Uganda deports British producer over gay-themed play
Uganda has deported a British theatre producer who staged a gay-themed play, the British High Commission said Tuesday.
David Cecil was arrested last summer for failing to gain authorization to stage the play The River and the Mountain as well as for disobeying an order from a public official. A court subsequently cleared him of charges, but he was arrested again last week.
Ugandan Ethics Minister Simon Lokodo said Tuesday that Cecil was an "undesirable immigrant" who was promoting gay rights and confirmed the theatre producer had been forced out of the country on Monday by ministerial order.
Homosexuality is illegal in Uganda and the country is considering new laws that would increase penalties against Uganda’s gay community.

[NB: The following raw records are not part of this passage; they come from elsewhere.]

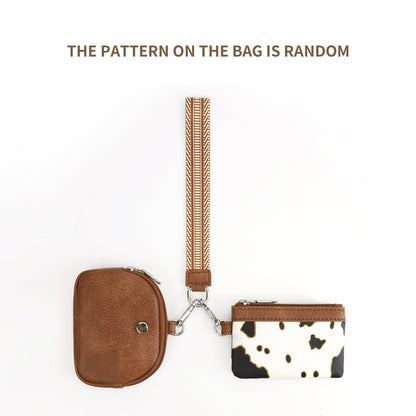 Checkerboard Wristlet Wallet for Women - Multifunctional Mini Zip Around Wrist Bag with Dual Pouch -dropshippingabc.com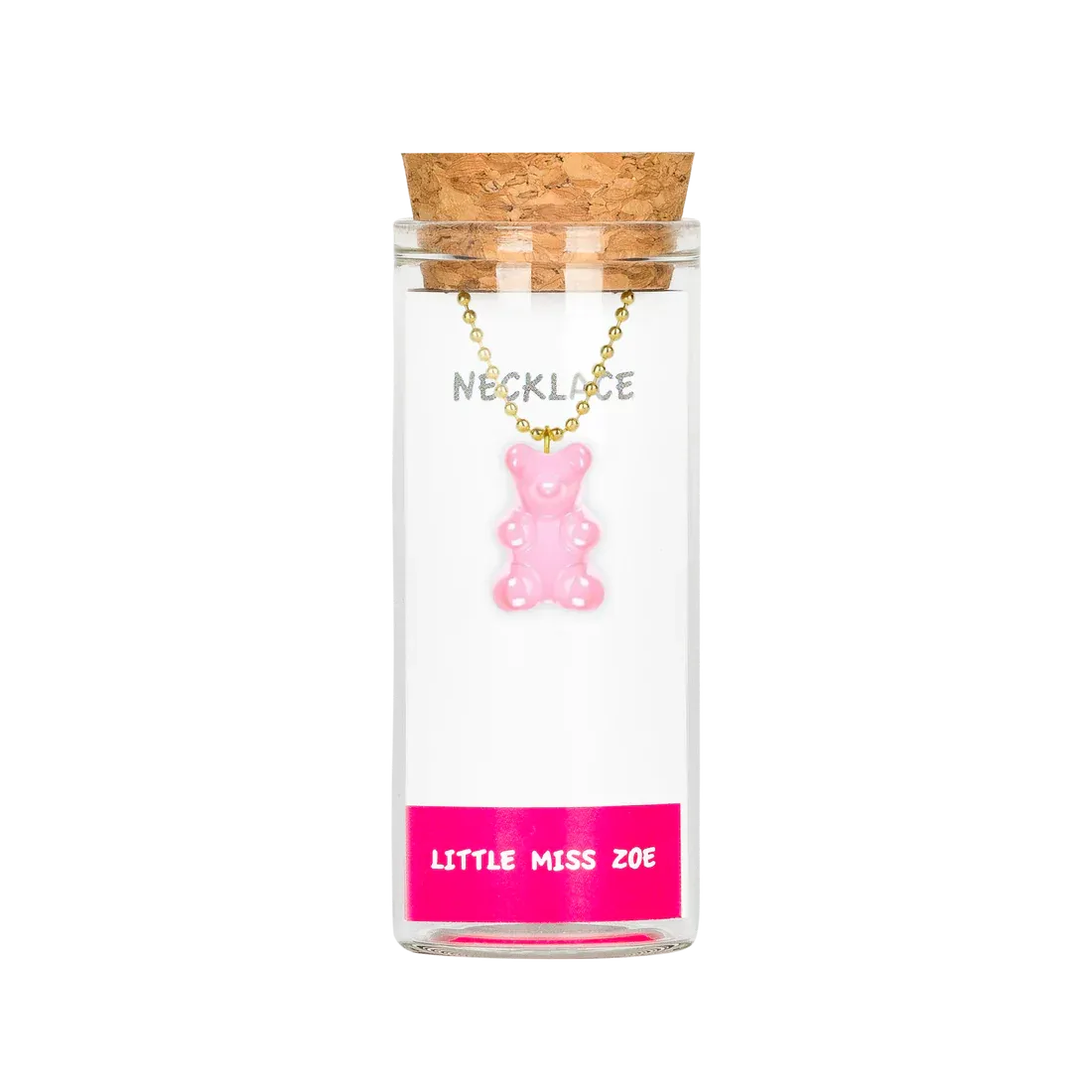 Little Miss Zoe Charming Necklace in a Bottle - Gummy Bear bubble gum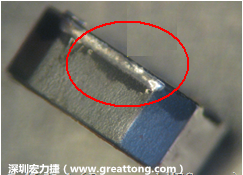 使用錫(Sn)鍍層的電源電感器(Power Inductors)，經(jīng)過(guò)推力測(cè)試后，其焊點(diǎn)還保留在零件的端點(diǎn)上，所以推力比較高。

Cecil’s play The River and the Mountain tells the story of a gay businessman who is murdered by his own employees. In an interview with CBC’s As It Happens following his initial arrest in September, Cecil described the play as a "comedy-drama" and said he wants to highlight the ways sexuality and politics intersect in Uganda.
"There is no scene or moment in the play that says 'It’s OK to be gay' or 'You must accept gays,'" he said.
He added that it was very unusual for Uganda to require official approval of a play in advance.
"We were completely unaware that the play would require some form of official clearance to be performed publicly and we were only made aware of that days before it would be performed. We put a lot of time and energy into preparing the play," Cecil said, explaining why he went ahead with the production.
International rights activists held up Cecil’s case as an example of how misguided Uganda in its approach to homosexuality. The country had considered legislation that would introduce the death penalty for homosexuals, but the move drew so much international condemnation that officials rewrote the law, with the sentence life imprisonment instead.
The government also has proposed introducing a charge of "promotion of homosexuality," which could carry a term of up to seven years in prison for those convicted of "funding and sponsoring ... homosexuality and related activities."
Cecil has said he did not think of himself as an activist and that he believes Uganda will change its attitudes only when pressure came from its own citizens. He was able to briefly call his Ugandan girlfriend from the airport before being rushed onto the plane, warning her to call a lawyer.
British High Commission spokesperson Chris Ward said the U.K. was concerned about Cecil's deportation without a chance to challenge the order in court. Ward told Reuters he intends to meet with Ugandan officials.
"It's obviously key ... [for] the U.K. government to know that due process is being followed," he said.